本発明は、木造建築物の耐震性を向上するための壁面構造に関する。
木造軸組工法は、土台や柱や梁などの部材を相互に締結して建物の骨格を構成しているが、部材同士の締結部は、建物の強度を維持する上で極めて重要な箇所であり、古くから様々な対策が講じられている。また締結部に作用する荷重を緩和するため、柱や梁などを斜めに結ぶ筋交いも広く使用されている。この筋交いを使用することで建物の剛性が向上するため、地震や強風などによる水平荷重に対する耐力が確保され、建物の損壊を防止できる。
耐震性の確保は、生命や財産を守る上で極めて重要であり、様々な技術開発が進められている。その中で筋交いに関連するものも提案されており、一例として下記特許文献が挙げられる。文献1は、筋交いと並行して制振装置を組み込んだ技術であり、また文献2は、筋交いを楕円形とした技術であり、最後の文献3は、筋交いにダンパを直列に接続した技術である。
特開2004−060397号公報 特開2002−327497号公報 特開2001−059359号公報
筋交いは、古くから使用されている原始的なものだが、耐震性の向上という点において極めて有効である。

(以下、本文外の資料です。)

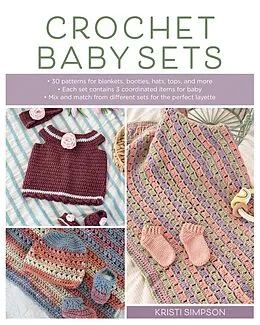 E-Book (pdf) Crochet Baby Sets von Kristi Simpson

しかし最も単純なX字形の筋交いは、中央で二本の部材が交差するため、干渉部を切り欠くなどの対策が必要になる。しかし切り欠きを設けることで強度の低下は避けられない。また前記の特許文献1の技術は耐震のみならず、免震の観点からも優れているが、個人の住宅など小規模な建物では、建設費に制約がある場合が多く、本格的な耐震や免震構造が採用されることは少ない。
比較的規模の大きい地震は、最も揺れの大きい本震の後も、やや規模の小さい余震がしばらく続くことが多い。そのため、本震の際に建物が損壊しなかった場合でも、部材の締結部などが局地的に破壊されて強度が低下して、後の余震に耐えられずに損壊することがある。このような余震での損壊を防止するには、単なる強度の向上とは異なる対策を講じる必要がある。

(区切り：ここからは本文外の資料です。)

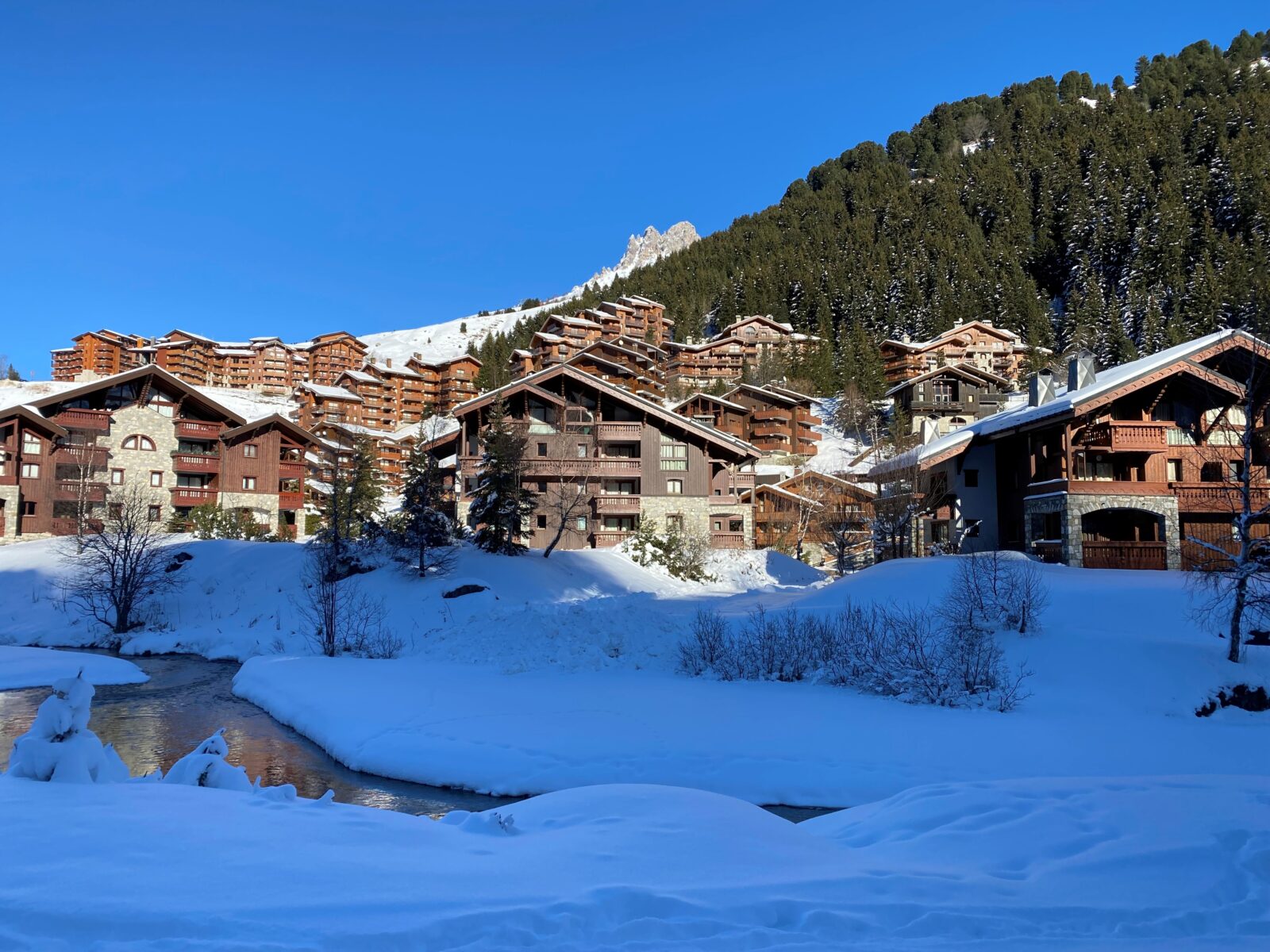 Chalets in Méribel les Trois Vallées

本発明はこうした実情を基に開発されたもので、木造建築物の耐震性の向上のほか、余震の際の被害を軽減できる壁面構造の提供を目的としている。
前記の課題を解決するための請求項1記載の発明は、上下の横架材と、左右の柱とで構成される矩形状の枠体の中に嵌まり込む耐力板と、該耐力板を枠体に対して移動可能に保持する左右一対の固定具と、を備え、前記耐力板は、上下の横架材と隙間を設けて配置され、更に耐力板の上面と底面との中央に位置する胴部は、左右の柱の間隔と等しい横幅であり、且つ耐力板の上下両側面には、上下に進むにつれて柱から離隔する傾斜面が形成され、前記固定具は、耐力板の胴部および柱の側面に同心で埋め込まれる二本のラグスクリューと、該二本のラグスクリューに差し込まれるボルトと、からなり、一方のラグスクリューには、前記ボルトを挿通するための中孔が形成され、他方のラグスクリューには、前記ボルトと螺合するための雌ネジが形成されていることを特徴とする壁面構造である。

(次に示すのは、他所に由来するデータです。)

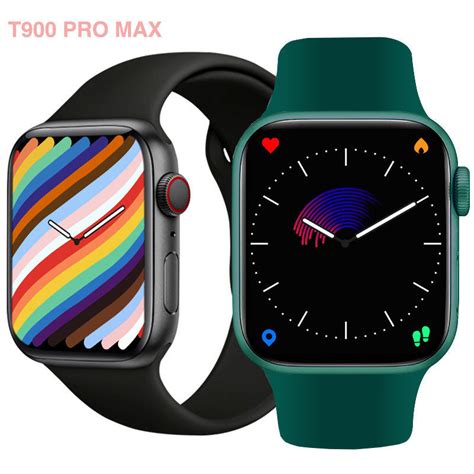 2022 Original Iwo 7 Smart Watch T900 PRO Max Fitness Tracker Iwo7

本発明において横架材は、土台や梁など、水平方向に敷設される部材を意味しており、また柱は垂直方向に延びていることを前提とする。そして、上下に間隔を空けて並ぶ二本の横架材と、両横架材を結ぶように直立する二本の柱とで構成される矩形状の空間を枠体と称して、この枠体の中に耐力板を組み込んで強度を向上する。なお枠体の高さや幅には制限がなく、建物の土台から屋根付近までを一気に結ぶ大形のものから、各階毎に分散する小形のものなど、自在に選択できる。
耐力板は、枠体の内部に組み込まれる木製の板であるが、枠体の内部を完全に塞ぐ単純な矩形状ではなく、枠体の角部との接触を回避した菱形に似た形状である。なおこれ以降、耐力板について、枠体の開口部を塞ぐ面を表面と規定し、また柱の側面に対向する端面を側面と規定する。そのほか耐力板の高さについては、上側の横架材の底面から下側の横架材の上面との間の距離よりも小さくして、双方の境目には隙間を確保する必要がある。これによって耐力板を組み込む際の作業性に優れ、且つ枠体の変形を抑制する機能を発揮できる。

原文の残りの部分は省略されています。